The case involved two students, N.J. from Shattuck Middle School and A.L. from Kettle Moraine High School. N.J. is a gun enthusiast, a supporter of the Second Amendment, and a target shooter. He wore a Smith & Wesson T-shirt with an image of a handgun to school. School officials made him cover up the shirt.

 

A.L., also a gun enthusiast and Second Amendment supporter, wore a T-shirt with the message “Wisconsin Carry, Inc.” that included an image of a handgun. School officials told him he could not wear clothing with images of firearms. Both schools had dress-code policies prohibiting the wearing of clothing with gun images.

 

The students, through their parents, filed federal lawsuits, seeking an injunction prohibiting school officials from enforcing the dress codes and allowing the students to wear such clothing. The suits were consolidated.

 

Shirts are speech

 

The school defendants initially argued that the First Amendment claims must fail because the T-shirts were not speech within the meaning of the First Amendment.
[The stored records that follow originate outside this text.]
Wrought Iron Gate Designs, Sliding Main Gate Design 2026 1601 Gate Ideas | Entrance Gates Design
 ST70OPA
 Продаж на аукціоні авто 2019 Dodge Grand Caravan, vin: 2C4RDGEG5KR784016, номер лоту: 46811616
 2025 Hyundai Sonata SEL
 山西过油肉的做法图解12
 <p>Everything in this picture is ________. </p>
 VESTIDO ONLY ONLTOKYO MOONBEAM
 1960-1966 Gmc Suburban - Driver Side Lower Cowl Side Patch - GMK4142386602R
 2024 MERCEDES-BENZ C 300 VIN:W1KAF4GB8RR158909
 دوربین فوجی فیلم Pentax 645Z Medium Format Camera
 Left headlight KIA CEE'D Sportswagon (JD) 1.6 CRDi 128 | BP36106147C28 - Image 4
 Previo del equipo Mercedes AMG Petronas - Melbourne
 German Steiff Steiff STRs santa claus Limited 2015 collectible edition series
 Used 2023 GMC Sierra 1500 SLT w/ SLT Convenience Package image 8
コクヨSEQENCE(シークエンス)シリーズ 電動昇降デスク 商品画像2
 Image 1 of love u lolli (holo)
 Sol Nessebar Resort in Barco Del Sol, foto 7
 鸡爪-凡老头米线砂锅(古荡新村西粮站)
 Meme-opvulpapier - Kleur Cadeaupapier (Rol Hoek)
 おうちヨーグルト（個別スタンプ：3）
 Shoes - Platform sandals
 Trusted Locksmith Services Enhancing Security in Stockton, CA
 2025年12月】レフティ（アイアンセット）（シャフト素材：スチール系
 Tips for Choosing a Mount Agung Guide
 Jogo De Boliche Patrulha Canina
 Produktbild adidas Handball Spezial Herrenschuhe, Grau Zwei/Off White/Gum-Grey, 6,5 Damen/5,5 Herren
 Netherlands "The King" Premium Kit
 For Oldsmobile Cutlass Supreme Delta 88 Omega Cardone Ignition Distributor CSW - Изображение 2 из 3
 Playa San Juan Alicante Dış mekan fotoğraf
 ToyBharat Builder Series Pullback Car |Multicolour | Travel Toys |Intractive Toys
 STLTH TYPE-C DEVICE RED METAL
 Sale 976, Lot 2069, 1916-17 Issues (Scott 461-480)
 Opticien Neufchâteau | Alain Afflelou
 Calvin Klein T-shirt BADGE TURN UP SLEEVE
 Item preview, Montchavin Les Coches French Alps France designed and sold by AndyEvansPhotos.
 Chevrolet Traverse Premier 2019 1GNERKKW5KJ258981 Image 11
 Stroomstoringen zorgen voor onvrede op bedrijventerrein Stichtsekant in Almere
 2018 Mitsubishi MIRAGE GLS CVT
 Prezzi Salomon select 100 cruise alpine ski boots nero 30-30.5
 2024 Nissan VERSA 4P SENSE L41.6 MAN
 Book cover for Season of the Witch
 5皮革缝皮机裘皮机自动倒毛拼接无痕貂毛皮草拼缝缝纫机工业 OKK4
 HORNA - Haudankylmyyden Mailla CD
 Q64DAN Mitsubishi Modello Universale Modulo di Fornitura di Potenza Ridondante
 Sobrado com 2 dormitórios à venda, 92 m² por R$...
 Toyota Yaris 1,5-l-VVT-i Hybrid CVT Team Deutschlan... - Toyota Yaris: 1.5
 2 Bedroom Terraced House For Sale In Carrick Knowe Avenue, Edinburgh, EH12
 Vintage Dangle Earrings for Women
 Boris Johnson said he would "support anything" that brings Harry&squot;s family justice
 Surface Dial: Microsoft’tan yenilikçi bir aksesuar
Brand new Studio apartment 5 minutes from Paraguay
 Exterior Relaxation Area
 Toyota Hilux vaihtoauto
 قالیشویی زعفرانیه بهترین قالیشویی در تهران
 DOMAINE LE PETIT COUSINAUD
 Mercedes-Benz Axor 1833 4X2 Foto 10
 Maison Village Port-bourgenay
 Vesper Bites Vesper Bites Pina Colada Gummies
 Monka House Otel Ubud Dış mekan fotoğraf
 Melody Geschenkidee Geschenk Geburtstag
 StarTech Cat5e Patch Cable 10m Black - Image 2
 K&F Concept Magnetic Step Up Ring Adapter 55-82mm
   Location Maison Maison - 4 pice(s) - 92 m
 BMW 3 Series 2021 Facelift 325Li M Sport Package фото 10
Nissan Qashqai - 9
They contended that images of firearms are not inherently expressive.

 

Under the First Amendment there are certain forms of expressive conduct that are not deemed expressive enough to merit First Amendment review. For example, a federal district court in New Mexico once ruled that the wearing of sagging pants was not expressive enough.

 

However, here, the district judge recognized that the T-shirts in question were a form of speech, writing that “[a] picture or image of a gun is by its very nature expressive.”

 

Tinker does not apply

 

The students argued that the applicable legal standard should come from the Supreme Court’s seminal student speech case, Tinker v. Des Moines Independent Community School District (1969). In that case, the Court ruled that public school officials in Iowa violated the First Amendment when they punished students for wearing black peace armbands, a form of passive political speech that did not substantially disrupt school activities.

 

The Court in Tinker reasoned that school officials cannot punish student speech unless they can reasonably forecast that the student speech will cause a substantial disruption, or material interference with school activities, or invade the rights of others.

 

The Tinker case also involved what is known in First Amendment law as viewpoint discrimination—the government favoring the viewpoints of certain private speakers over others. That applied in Tinker because the school disallowed the wearing of the black armbands but allowed students to wear other symbols, such as Iron Crosses or political-campaign buttons.

 

However, the federal district court in the Wisconsin T-shirt case determined that Tinker did not apply to restrictions on student speech in a non-public forum when the restrictions are viewpoint neutral. The district court said schools are non-public forums when class is in session. Furthermore, the district court reasoned that the restriction on images of firearms applied whether or not the images were pro-gun or anti-gun.

 

Court applies a Hazelwood-type standard

 

Instead of applying Tinker, the judge applied a version of the standard articulated by the Supreme Court in Hazelwood School District v. Kuhlmeier (1988), a high school press-censorship case. In Hazelwood, the Court ruled that with regard to school-sponsored student speech, public school officials can restrict student speech if they have a legitimate pedagogical or educational reason for doing so.

 

In this case, the district court applied a similar type of standard. The school defendants argued that the prohibition of clothing with firearm imagery is justified because many students expressed fear and anxiety about images of guns. In December 2019, a student in nearby Waukesha had brought a gun to school and fired it at a classmate.

 

“Although it is true, as Plaintiffs emphasize, that mere images of firearms cannot inflict injury on anyone, the image of a firearm on a classmate’s shirt in the school environment can be a reminder of the school violence that lies at the heart of the schools’ concerns,” the judge wrote.

 

Because of these concerns over school shootings, the judge wrote, “Defendants’ decision to prohibit students from wearing clothes with images of firearms was not unreasonable.”

 

The judge also reasoned that students can still express their support for firearms in other ways. The judge said the students “even remain free to wear shirts that express their support for the Second Amendment [right to keep and bear arms] in other ways.”

 

The district judge also cited another legitimate educational reason—the so-called “weapons effect.” The court explained: “The weapons effect is the name given to the theory that the mere presence of guns or images of guns increases aggression in people.”

 

Plaintiffs argued that images of guns do not increase aggression, but the school defendants had introduced the opinion of a psychologist who wrote that images of guns at school can increase aggression in students.

 

The district judge noted that the school defendants’’ interest in “reducing student aggression” was a legitimate pedagogical goal.

 

The court concluded that the school defendants had legitimate educational reasons to implement the ban on images of firearms at schools.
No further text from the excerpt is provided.